Pembroke 1Day 3: One of the most popular challenges of Pembroke is Ramsey Island and five set off at high tide from Porth Clais inlet. Crossing Ramsey Sound we could look north to see the waves of the Bitches tidal rapids and feel the pull of the tide towards them. Reaching Midland Gap we found the hidden passage through, which was a mess of tidal race and rebounding waves. Doug exuded adrenalin in surviving the run and we were happy to all be upright still. The Island has impressive cliffs and tidal races up the west side. We were soon round the island and having a break near the jetty, just below the Bitches. As the tide lessened we were able to get past these and return to Porth Clais, having completed 17km. Gianni’s ice cream shop was visited to celebrate. (This became a daily occurrence)

Day 4: With less wind we were able to take on Strumble Head, from Abercastle to Fishguard harbour.
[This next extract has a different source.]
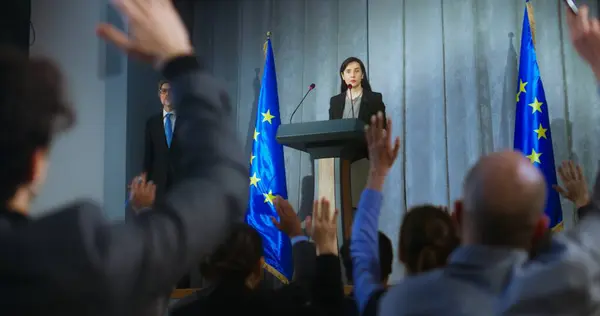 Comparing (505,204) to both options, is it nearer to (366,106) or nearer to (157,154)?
(366,106)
The trip is normally done the other way as the water always flows west along Strumble but the tides made the reverse trip the only daylight option. The sails gave us a welcome push, with Ian using Clive’s boat and sail. Clive missed out here due to a chest infection and sadly had to return home over the weekend. A fine paddle round a challenging headland, at 20km.

Pembroke 2Day 5: Mario and Doug headed home but Adam and Sally had arrived, plus, Mike, Stewart and partner. Ian, Adam and Pete planned to do the Bishops and Clerks circuit, perhaps the test piece of the region. This was 27km which passes south of Ramsey and out to South Bishop Lighthouse, ferry gliding across the tide. Then turning north the route negotiates some chunky tide races past the ‘Clerks’ and up to North Bishop island where we stopped for a break. Saw three puffins and surprised a mother seal which was singing tunefully to her pup, until she noticed us. We returned via the Bitches and this was designated ‘best day trip ever’. Meanwhile, Clive organised one of his intro easy paddles for Stewart and Mike, covering 20km together with climbing over the substantial pebble ridge!Day 6: Ian and Adam planned a circuit of Ramsey, completing 17km in one and a half hours (normal time scale is 3 hours) The rest of us did some local exploring from Porth Clais in a fresh wind and covered just 8km.

Day 7: There was a general exodus, leaving Pete and Stewart with newly arrived Sarah and Jess. We discovered the nearby port of Solva which is sheltered, has good water access at most stages of the tide plus a cafe and loos. We spent time on rescue techniques and leadership skills, having first advised the Coastguard we would be creating some ‘dramas’. Towing, recovery from rocky zawns and leading groups created quite a few laughs. Pete played the tame idiot. (Easy)

Day 8: Weather was more clement and tides were on neaps so a good day to do the 17km Ramsey circumnavigation. Flows were less and it was a nice cruisy day, with lunch on the west facing beach.

Day 9: On our last day we returned to Solva to work some more on rescue and self rescue. The paddle float was a revelation. We landed onto and launched from a rocky shore, practiced rolling and re-entry and roll. The ‘cowboy’ rescue proved too difficult for most but was entertaining as well as strenuous. We came away agreeing that more and regular practice is essential. More laughs to come then.

In all a great trip which advanced all our knowledge and experience. Where next year?